Du contexte immédiat d’Éphésiens 4.1-3, nous retirons donc ceci:

a) Les Éphésiens doivent apprendre à vivre ensemble, c’est-à-dire apprendre à se supporter les uns les autres, parce que c’est là le plan de Dieu de réconcilier des femmes et des hommes tirés de toutes les nations.

b) Mais il faut également se mettre au service des autres, pour atteindre tous ensemble la stature d’homme fait. C’est d’ailleurs ce que signifie «se supporter les uns les autres avec amour». Car il appartient à la nature même de l’amour de toujours chercher l’intérêt de l’autre (voir aussi Ep 4.15).

E) Application pour nous aujourd’hui

Comment appliquer ces vérités pour nous aujourd’hui? Que signifie en effet, dans le contexte de nos églises locales respectives, cette exhortation de Paul à «se supporter les uns les autres avec amour»? Nous proposons deux applications:

a) L’application la plus évidente est bien entendu celle concernant les différences culturelles: dans l’Église de Jésus-Christ, nul n’a le droit d’être jugé ou disqualifié à cause de ses origines ethniques! Supportons les différences, même si parfois cela ne nous plaît pas.

b) Ensuite, dans un contexte plus élargi, se trouvent les fardeaux de nos frères et sœurs en la foi, leurs épreuves, leurs peines de toutes sortes, mais également leurs faiblesses morales, leurs déficiences psychologiques, leurs personnalités différentes. Face à toutes ces choses, un seul comportement est souhaitable: supporter l’autre et l’aider à grandir là où il éprouve des difficultés.

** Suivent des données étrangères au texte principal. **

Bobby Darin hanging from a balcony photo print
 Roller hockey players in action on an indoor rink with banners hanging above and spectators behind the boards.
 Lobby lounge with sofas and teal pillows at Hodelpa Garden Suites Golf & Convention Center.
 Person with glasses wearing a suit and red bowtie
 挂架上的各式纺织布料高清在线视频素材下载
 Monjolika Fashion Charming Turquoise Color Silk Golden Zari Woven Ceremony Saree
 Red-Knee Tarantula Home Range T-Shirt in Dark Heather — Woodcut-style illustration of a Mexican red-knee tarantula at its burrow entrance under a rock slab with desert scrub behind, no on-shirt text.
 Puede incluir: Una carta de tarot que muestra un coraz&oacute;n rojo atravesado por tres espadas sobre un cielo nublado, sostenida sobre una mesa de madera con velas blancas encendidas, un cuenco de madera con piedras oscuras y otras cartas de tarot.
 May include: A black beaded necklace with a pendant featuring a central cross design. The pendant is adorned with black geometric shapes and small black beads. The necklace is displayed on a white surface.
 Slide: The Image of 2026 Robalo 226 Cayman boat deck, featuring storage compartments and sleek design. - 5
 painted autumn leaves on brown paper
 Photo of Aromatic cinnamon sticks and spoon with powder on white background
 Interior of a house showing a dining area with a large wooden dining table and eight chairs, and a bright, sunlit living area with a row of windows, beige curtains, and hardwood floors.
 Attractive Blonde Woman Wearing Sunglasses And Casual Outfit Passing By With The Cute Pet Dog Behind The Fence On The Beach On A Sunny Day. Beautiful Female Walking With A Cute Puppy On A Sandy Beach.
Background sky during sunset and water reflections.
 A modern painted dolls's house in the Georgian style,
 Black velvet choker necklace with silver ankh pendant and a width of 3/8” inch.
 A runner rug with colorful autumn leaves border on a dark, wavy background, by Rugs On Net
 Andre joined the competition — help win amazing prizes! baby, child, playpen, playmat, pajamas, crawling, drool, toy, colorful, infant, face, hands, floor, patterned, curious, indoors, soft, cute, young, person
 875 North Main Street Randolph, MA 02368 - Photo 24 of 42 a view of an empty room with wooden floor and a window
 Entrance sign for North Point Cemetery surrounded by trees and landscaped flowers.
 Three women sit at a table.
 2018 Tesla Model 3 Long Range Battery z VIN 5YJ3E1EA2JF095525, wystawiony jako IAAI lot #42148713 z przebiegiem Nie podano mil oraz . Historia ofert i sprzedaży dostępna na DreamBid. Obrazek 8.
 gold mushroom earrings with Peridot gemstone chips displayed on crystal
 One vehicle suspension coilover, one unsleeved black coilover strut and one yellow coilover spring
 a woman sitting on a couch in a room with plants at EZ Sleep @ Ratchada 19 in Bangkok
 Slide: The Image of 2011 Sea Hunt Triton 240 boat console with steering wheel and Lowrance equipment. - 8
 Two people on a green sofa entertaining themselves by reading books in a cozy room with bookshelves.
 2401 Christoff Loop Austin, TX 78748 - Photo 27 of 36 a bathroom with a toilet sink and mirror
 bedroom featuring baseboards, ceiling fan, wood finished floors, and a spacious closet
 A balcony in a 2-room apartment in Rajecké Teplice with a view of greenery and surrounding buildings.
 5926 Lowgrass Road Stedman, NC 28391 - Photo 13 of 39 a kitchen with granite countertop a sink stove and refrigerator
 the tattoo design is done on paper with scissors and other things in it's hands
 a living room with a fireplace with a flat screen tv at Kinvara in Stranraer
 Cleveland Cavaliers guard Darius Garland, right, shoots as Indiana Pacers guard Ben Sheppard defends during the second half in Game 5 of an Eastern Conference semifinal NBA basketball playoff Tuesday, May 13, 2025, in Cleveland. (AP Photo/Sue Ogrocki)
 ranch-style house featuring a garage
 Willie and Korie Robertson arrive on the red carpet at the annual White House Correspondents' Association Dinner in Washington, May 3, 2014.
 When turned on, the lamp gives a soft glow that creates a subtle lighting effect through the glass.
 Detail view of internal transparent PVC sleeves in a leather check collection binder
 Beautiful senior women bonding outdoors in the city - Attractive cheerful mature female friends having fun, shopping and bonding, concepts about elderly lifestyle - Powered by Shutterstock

En conclusion, nous devons nous souvenir que nos vies font partie d’un plan divin qui nous surpasse. Nous appartenons à Christ et nos intérêts devraient par conséquent être les mêmes que ceux du Christ. Nous ne vivons pas pour nous accomplir ni pour nous «tailler une place sous le soleil», mais pour accomplir la volonté de notre Père céleste. Un des enjeux fondamentaux de nos vies dans ce plan divin, c’est de travailler à l’édification du corps du Christ. Or si, pour réaliser cette tâche, il nous faut œuvrer avec des sœurs et des frères différents de nous ou dont le caractère est difficile, nous sommes tenus de les supporter et de les aider à grandir. Telle est en effet la volonté de Dieu pour son Église.